PAPP-A2 Gene Mutation Effects on Glucose Metabolism and Bone Mineral Density and Response to Therapy with Recombinant Human IGF-I

Catalina Cabrera Salcedo, Vivian Hwa, Leah Tyzinski, Melissa Andrew, Halley Wasserman, Philippe Backeljauw & Andrew Dauber

Cincinnati Children’s Hospital Medical Center, Cincinnati, OH, USA

Background: PAPP-A2 (pregnancy-associated plasma protein A2) deficiency, caused by homozygous mutations in the PAPP-A2 gene results in a novel syndrome of significant growth failure. PAPP-A2 cleaves IGF binding proteins 3 and 5, thereby freeing IGF-I from its ternary complex and allowing it to become biologically active. We recently reported the first two families with PAPP-A2 mutations. Response to recombinant human IGF-I (rhIGF-1) in these patients is unknown.

Objective and hypotheses: This study aimed to describe additional phenotypic features of patients with PAPP-A2 deficiency including glucose handling and bone mineral density (BMD) as well as to determine response to IGF-I therapy.

Method: Three siblings with a homozygous missense mutation in PAPPA2 (Ala1033Val) participated. Oral glucose tolerance tests, DXA, and renal/spleen ultrasonography were performed in the three patients. The two youngest boys, age ten and fourteen, were started on treatment with rhIGF-I.

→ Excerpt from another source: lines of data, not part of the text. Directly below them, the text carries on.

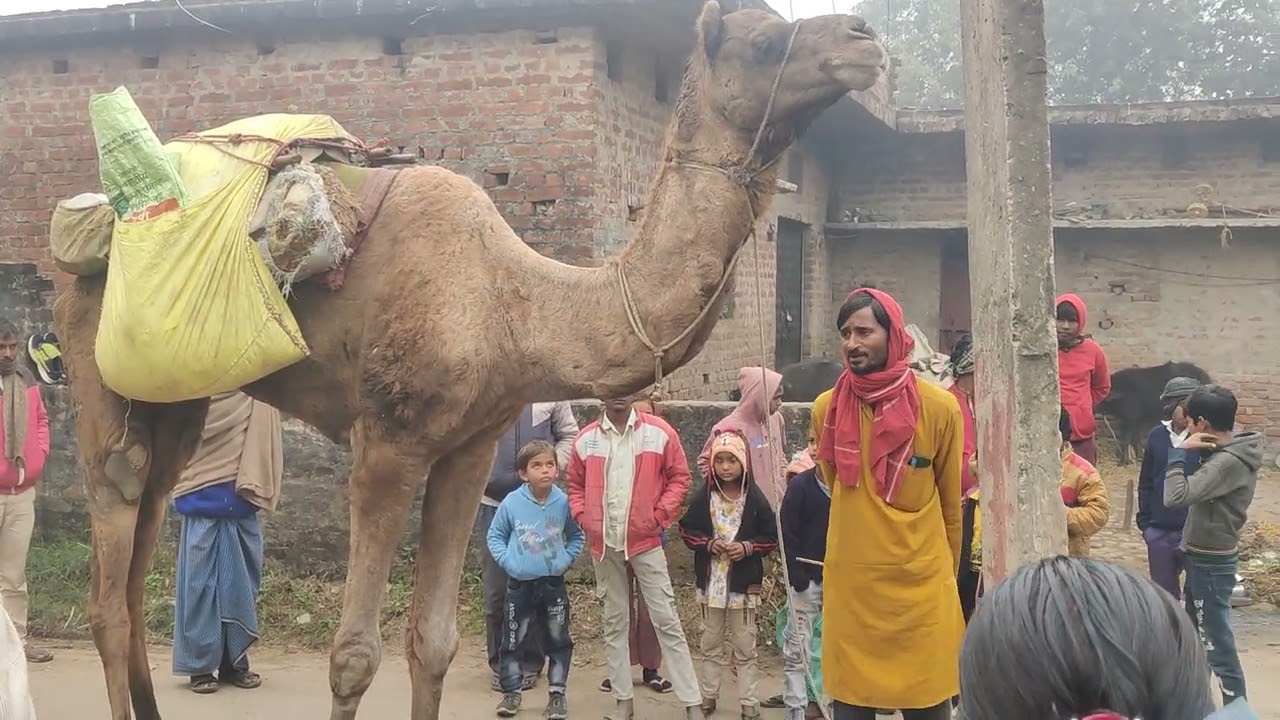 डिस्को डिस्को ऊंट देखना है इस वीडियो को पूरा आवाज करो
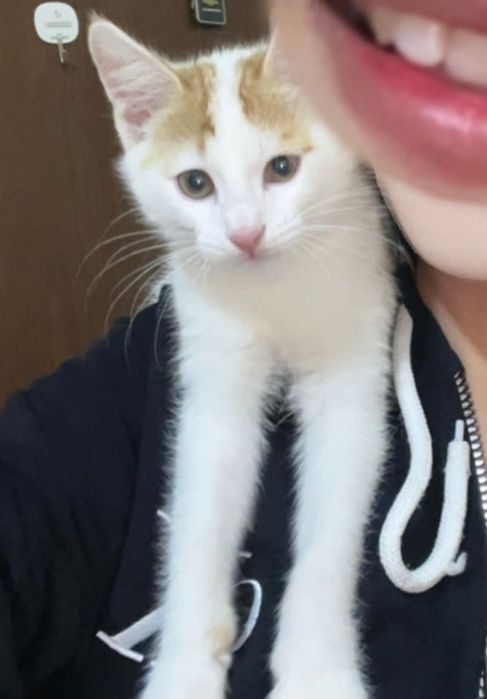 Mushuk bor, juda aqilli. ogil bola chiroyli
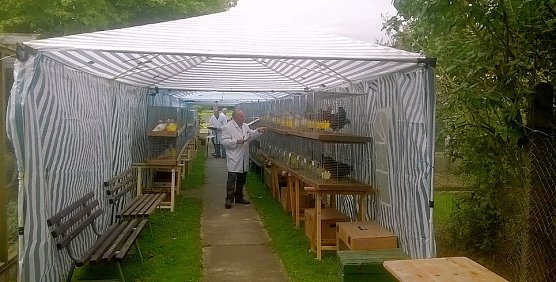 RGZV Bad Frankenhausen  (Foto: RGZV Bad Frankenhausen )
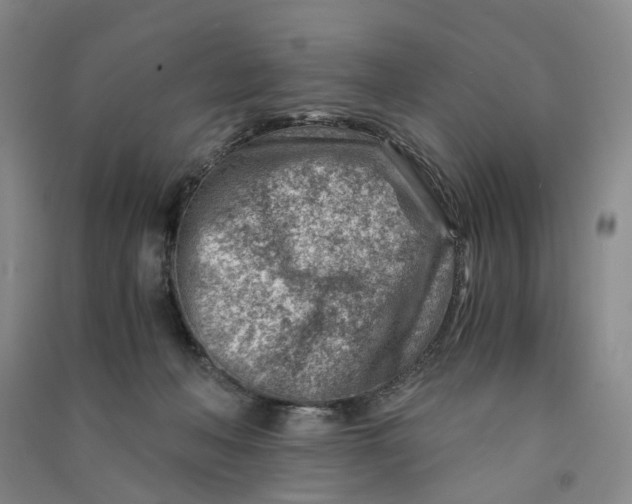 X0000090880222200708171652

Results: The two elder siblings had elevated fasting glucose and impaired glucose tolerance with marked hyperinsulinemia. The youngest brother showed signs of insulin resistance (Figure). Hemoglobin A1c was normal in all three siblings. Bone densitometry showed that patients with PAPP-A2 gene mutation have mildly decreased size-corrected BMD (Table). Renal and spleen size was normal. On day 51 after initiation of therapy with rhIGF-I one of the patients developed severe headache and was diagnosed with pseudotumor cerebri. Therapy discontinuation resulted in resolution of symptoms. Treatment is ongoing in the younger sibling.

Table 1. (for abstract FC8.3)
Z-score adjusted for height
Patient (Age)Height (SD)Whole Body BMCSpine BMDHip BMDForearm BMD
P1 (19)138.1 cm (−3.8)−0.99−0.98−0.24−0.04
P2 (14)141.9 cm (−2.9)−2.08−1.41−1.94−3.07
P3 (10)121.0 cm (−3.0)−1.28−0.12−0.54−0.54

Conclusion: PAPP-A2-deficient patients have abnormal glucose handling and insulin resistance which are likely related to elevated growth hormone and decreased free IGF-1 levels. These patients were also found to have mildly decreased size-corrected BMD. Increased intracranial pressure developed early on during rhIGF-I therapy in one of the patients. Nine month response to therapy of the younger patient will be presented at ESPE 2016 meeting.